■ **The problem**
Every line in the entries where "Pink" is found should be copied.

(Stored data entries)
-- Opening Marker --
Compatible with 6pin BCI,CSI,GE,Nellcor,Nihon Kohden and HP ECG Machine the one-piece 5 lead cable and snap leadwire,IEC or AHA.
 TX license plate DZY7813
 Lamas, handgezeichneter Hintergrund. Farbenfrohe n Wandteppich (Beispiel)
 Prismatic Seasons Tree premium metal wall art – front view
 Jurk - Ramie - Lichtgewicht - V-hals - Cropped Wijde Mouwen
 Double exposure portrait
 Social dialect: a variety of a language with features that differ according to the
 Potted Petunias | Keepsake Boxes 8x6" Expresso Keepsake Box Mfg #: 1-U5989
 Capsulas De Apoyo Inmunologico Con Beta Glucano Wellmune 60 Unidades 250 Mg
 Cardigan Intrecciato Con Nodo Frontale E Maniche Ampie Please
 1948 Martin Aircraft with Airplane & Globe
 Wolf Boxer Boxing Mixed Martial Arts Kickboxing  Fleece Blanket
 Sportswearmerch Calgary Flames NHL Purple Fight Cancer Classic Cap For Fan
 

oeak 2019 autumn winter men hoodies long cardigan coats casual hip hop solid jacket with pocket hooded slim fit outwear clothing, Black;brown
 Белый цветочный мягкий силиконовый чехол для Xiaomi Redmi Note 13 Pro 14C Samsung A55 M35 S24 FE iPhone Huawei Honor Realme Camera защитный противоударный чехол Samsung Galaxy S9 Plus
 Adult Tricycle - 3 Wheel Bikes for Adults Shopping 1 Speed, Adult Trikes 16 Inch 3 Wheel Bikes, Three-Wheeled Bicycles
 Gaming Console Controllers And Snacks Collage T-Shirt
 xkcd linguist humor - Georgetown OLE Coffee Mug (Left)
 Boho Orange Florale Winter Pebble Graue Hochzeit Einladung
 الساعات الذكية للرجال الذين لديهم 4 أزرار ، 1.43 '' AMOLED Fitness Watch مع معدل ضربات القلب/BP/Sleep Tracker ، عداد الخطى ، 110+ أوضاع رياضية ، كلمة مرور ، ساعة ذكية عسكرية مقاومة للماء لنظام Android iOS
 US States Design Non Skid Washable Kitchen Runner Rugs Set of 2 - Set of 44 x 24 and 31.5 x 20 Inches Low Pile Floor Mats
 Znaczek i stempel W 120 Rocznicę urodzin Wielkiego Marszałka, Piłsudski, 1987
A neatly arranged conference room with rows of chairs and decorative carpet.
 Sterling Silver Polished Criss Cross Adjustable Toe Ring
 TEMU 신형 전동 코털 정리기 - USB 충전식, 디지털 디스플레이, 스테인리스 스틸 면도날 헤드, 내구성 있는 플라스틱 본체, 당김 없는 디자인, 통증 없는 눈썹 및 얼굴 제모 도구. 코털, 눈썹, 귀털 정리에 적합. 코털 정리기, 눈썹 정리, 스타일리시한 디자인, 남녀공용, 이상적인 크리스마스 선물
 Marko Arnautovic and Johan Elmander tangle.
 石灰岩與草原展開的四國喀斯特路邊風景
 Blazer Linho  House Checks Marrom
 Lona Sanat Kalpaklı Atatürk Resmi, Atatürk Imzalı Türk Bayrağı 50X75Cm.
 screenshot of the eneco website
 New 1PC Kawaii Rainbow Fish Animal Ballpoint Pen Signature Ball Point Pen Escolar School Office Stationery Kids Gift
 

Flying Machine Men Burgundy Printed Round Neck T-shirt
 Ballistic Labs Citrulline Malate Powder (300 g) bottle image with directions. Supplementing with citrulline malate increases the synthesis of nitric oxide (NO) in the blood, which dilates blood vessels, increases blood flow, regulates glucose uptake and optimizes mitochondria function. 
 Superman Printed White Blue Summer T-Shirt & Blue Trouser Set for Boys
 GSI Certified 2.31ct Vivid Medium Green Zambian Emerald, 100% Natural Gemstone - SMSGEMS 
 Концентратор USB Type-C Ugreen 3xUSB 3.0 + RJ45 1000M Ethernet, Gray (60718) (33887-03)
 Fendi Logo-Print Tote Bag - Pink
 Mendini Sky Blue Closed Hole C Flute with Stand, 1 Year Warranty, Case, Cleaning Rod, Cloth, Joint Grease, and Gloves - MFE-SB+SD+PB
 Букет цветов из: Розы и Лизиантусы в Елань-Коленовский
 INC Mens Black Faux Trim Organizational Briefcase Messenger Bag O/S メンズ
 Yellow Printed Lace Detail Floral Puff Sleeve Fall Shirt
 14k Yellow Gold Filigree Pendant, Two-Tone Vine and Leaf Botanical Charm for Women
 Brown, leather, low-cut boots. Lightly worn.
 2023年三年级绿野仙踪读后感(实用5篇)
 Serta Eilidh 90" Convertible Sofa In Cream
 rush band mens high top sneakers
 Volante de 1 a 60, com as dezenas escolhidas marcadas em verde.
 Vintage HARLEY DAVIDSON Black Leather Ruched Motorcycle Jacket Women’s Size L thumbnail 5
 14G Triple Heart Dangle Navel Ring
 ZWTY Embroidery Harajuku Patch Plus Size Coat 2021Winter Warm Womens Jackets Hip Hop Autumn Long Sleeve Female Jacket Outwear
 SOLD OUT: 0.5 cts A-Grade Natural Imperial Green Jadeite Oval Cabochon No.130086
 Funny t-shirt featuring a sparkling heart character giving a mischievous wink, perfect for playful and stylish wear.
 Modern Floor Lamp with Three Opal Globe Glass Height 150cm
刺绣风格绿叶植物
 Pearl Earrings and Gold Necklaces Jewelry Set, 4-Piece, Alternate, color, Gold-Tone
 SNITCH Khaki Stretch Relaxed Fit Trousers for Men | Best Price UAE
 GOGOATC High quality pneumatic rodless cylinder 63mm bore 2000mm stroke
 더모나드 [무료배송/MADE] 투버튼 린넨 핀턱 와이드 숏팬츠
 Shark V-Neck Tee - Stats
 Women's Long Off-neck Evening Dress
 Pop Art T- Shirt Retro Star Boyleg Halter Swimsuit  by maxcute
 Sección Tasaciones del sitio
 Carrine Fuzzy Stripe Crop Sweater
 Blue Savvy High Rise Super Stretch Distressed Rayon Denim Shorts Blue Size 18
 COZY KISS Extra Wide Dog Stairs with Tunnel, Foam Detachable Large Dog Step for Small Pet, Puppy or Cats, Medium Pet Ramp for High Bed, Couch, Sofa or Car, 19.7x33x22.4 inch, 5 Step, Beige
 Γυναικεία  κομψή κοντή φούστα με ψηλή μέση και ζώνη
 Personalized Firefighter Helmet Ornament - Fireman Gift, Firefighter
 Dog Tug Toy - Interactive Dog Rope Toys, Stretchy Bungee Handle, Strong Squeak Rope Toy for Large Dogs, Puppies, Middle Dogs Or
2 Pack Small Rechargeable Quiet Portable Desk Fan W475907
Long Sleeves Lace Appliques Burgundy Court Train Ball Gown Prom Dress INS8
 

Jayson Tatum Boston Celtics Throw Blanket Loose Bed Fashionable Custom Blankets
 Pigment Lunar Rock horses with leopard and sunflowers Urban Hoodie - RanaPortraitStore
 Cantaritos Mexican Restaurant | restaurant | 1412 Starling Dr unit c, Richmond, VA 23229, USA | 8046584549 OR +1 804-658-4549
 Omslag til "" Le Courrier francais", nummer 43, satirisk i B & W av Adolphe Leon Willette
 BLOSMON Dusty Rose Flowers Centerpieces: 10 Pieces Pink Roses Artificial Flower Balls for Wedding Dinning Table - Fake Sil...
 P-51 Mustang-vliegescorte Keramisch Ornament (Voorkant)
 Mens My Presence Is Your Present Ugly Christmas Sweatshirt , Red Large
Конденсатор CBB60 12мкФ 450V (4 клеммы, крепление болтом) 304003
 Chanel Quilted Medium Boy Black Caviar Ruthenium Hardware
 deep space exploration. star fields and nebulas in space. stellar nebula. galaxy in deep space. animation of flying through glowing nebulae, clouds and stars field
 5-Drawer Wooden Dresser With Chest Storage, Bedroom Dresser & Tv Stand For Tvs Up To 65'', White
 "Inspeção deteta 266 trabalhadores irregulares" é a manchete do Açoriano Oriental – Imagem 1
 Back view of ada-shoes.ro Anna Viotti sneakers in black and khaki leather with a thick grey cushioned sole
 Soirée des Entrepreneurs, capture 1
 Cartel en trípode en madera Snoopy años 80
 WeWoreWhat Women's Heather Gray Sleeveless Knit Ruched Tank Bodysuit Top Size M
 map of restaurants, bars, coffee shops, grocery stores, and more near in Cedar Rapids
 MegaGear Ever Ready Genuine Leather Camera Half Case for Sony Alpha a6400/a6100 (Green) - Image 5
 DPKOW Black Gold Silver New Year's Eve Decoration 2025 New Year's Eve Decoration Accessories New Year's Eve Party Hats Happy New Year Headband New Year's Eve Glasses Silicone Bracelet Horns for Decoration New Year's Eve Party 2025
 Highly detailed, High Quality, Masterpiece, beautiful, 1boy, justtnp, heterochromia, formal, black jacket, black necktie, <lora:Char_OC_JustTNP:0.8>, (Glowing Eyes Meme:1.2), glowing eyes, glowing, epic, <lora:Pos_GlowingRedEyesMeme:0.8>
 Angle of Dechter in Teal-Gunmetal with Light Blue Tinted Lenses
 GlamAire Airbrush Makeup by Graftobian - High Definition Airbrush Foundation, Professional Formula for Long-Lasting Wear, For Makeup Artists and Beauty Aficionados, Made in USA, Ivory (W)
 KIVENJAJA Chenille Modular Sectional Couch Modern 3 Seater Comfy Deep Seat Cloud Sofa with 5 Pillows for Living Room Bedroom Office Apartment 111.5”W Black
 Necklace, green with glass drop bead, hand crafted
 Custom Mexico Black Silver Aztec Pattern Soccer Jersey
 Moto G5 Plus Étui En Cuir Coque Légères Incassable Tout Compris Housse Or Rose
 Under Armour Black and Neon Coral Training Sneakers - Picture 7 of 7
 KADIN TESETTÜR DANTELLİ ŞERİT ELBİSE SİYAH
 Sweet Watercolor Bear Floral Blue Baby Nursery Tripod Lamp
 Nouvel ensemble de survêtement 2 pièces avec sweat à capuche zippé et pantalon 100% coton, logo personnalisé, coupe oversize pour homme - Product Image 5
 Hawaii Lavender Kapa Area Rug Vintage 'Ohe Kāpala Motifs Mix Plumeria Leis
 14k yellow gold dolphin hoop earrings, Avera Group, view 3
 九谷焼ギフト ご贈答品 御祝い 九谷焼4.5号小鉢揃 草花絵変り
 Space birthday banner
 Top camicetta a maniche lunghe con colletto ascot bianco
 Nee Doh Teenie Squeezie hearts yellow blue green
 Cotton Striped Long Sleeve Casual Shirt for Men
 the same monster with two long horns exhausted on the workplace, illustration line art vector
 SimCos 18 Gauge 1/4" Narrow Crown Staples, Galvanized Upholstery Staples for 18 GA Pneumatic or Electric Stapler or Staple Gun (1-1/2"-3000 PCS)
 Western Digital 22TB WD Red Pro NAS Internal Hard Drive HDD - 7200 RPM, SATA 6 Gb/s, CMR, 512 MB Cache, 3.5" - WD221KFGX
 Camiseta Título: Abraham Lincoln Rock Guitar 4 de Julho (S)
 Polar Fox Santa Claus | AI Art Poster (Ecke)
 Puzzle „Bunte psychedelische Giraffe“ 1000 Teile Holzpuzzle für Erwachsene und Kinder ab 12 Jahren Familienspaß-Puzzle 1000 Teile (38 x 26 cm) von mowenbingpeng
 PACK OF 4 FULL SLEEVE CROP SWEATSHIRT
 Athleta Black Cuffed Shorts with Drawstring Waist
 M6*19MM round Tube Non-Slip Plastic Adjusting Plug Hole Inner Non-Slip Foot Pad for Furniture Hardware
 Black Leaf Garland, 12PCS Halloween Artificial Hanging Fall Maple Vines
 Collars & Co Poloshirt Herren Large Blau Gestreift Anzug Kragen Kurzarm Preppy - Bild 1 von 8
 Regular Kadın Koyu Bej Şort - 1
-- Closing Marker --
■ **Solution**
 Fendi Logo-Print Tote Bag - Pink
 BLOSMON Dusty Rose Flowers Centerpieces: 10 Pieces Pink Roses Artificial Flower Balls for Wedding Dinning Table - Fake Sil...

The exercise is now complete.